Short descriptive text snippets
--------------------

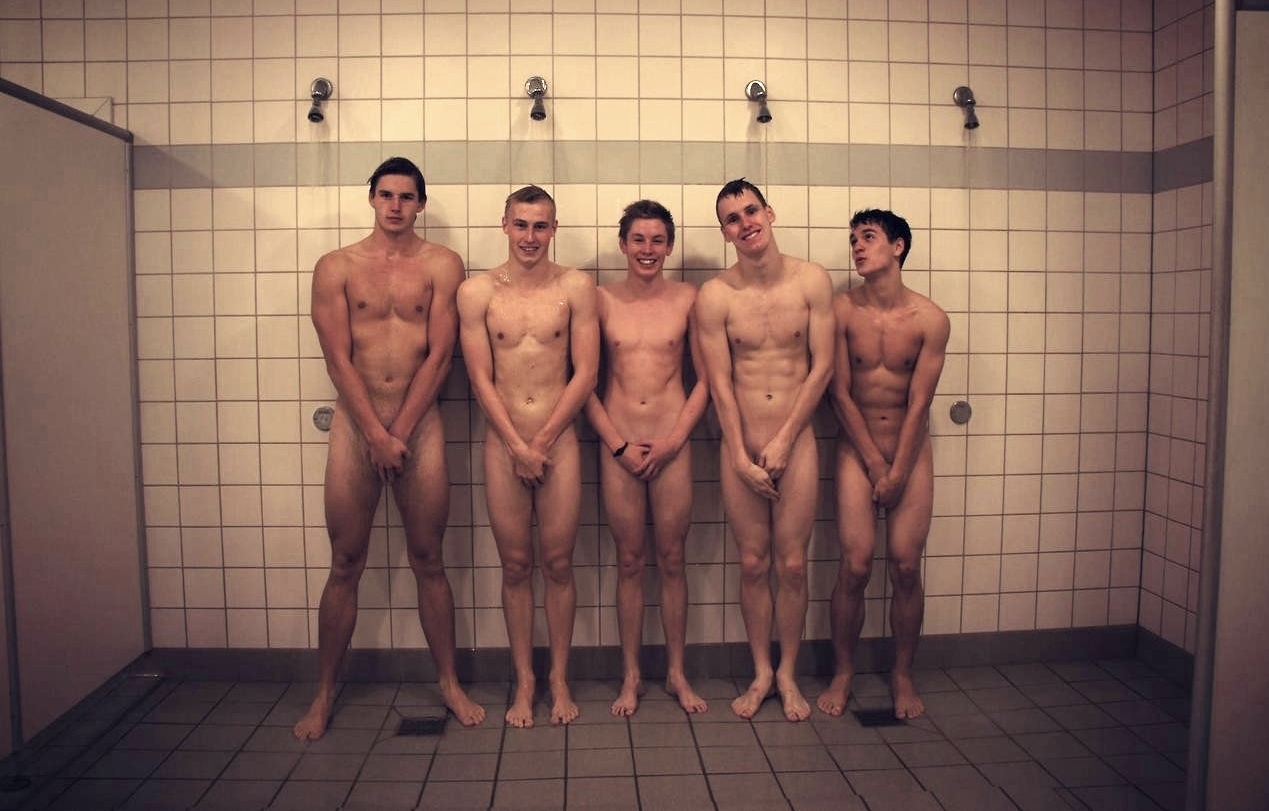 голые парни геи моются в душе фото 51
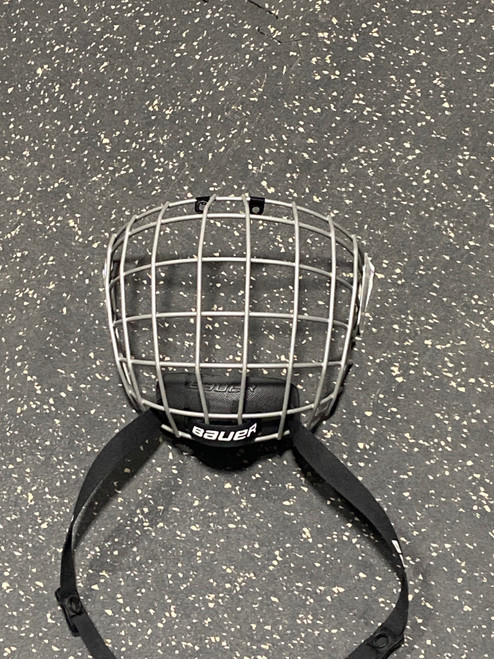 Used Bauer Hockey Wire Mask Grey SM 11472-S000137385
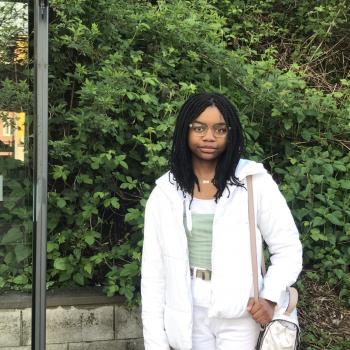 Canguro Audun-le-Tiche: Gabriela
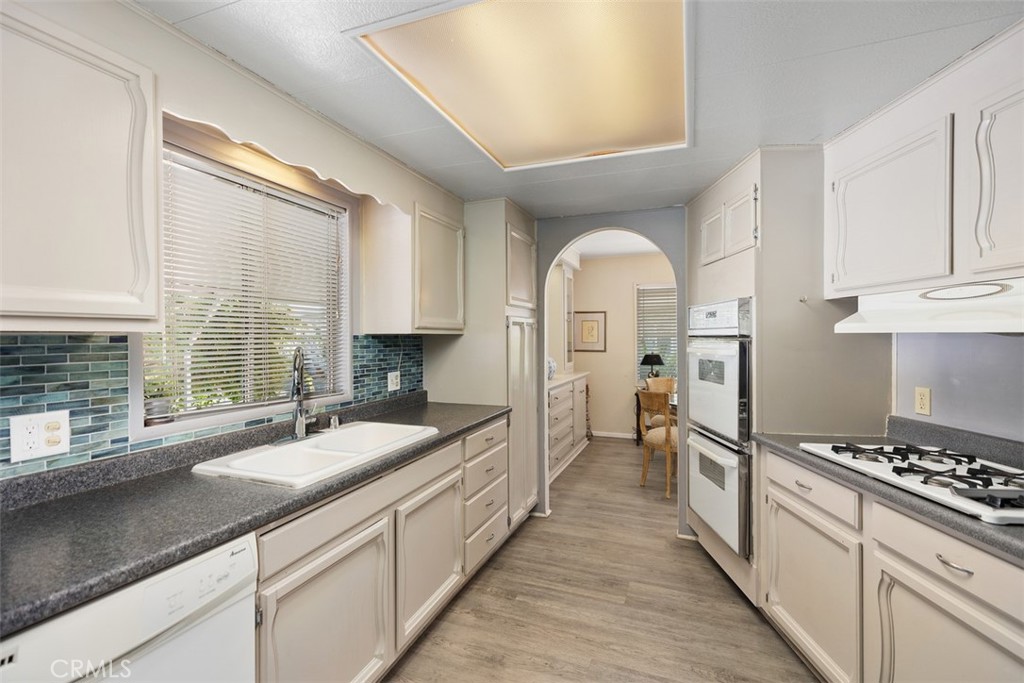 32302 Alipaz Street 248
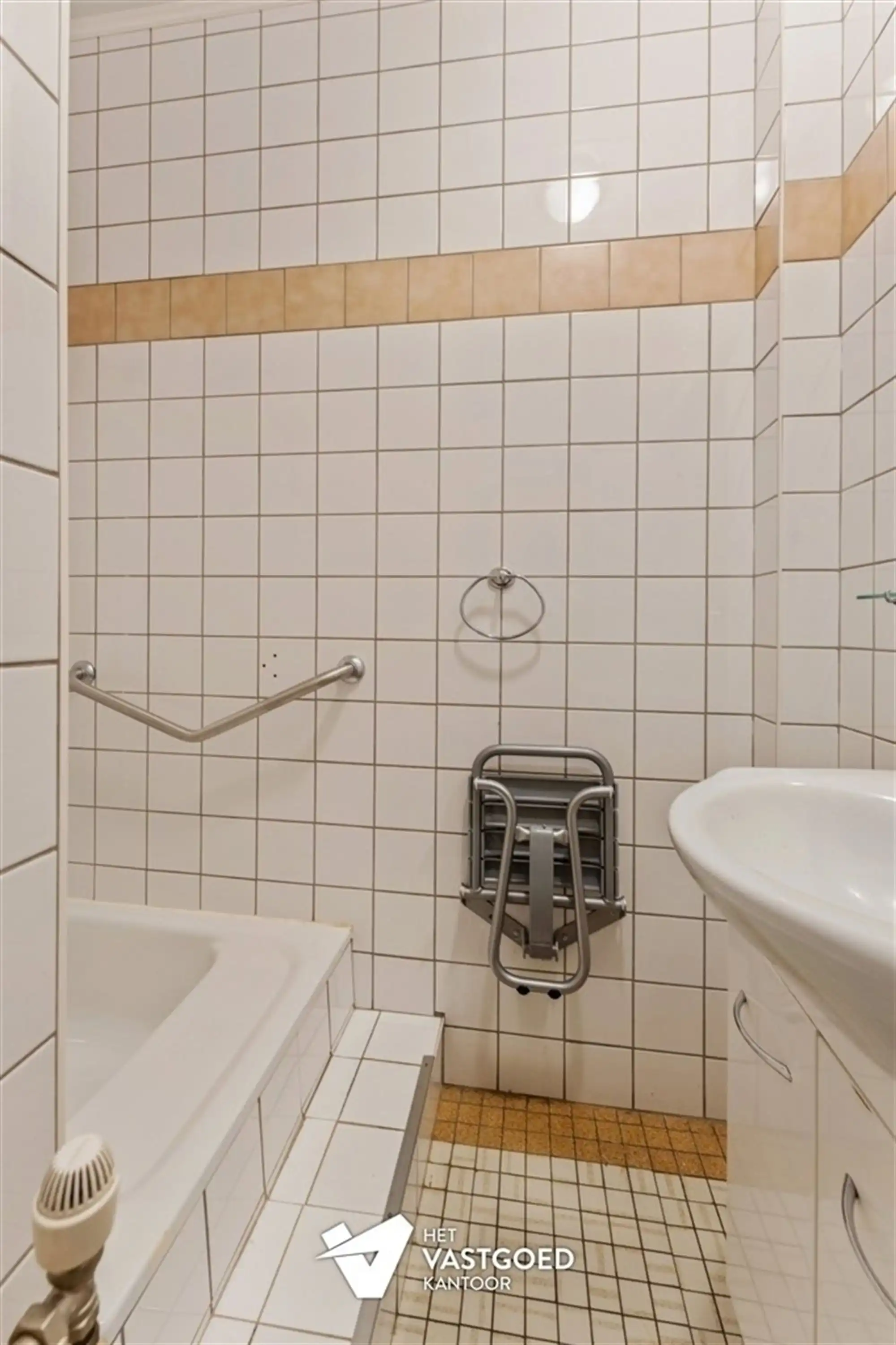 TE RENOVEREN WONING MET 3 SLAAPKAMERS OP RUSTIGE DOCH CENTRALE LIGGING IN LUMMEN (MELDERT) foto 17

--------------------

PROBLEM TO WORK ON. Your answer must be an exact copy of the entries above, with no pictures in it.

SOLUTION TO THIS EXERCISE.
 голые парни геи моются в душе фото 51
 Used Bauer Hockey Wire Mask Grey SM 11472-S000137385
 Canguro Audun-le-Tiche: Gabriela
 32302 Alipaz Street 248
 TE RENOVEREN WONING MET 3 SLAAPKAMERS OP RUSTIGE DOCH CENTRALE LIGGING IN LUMMEN (MELDERT) foto 17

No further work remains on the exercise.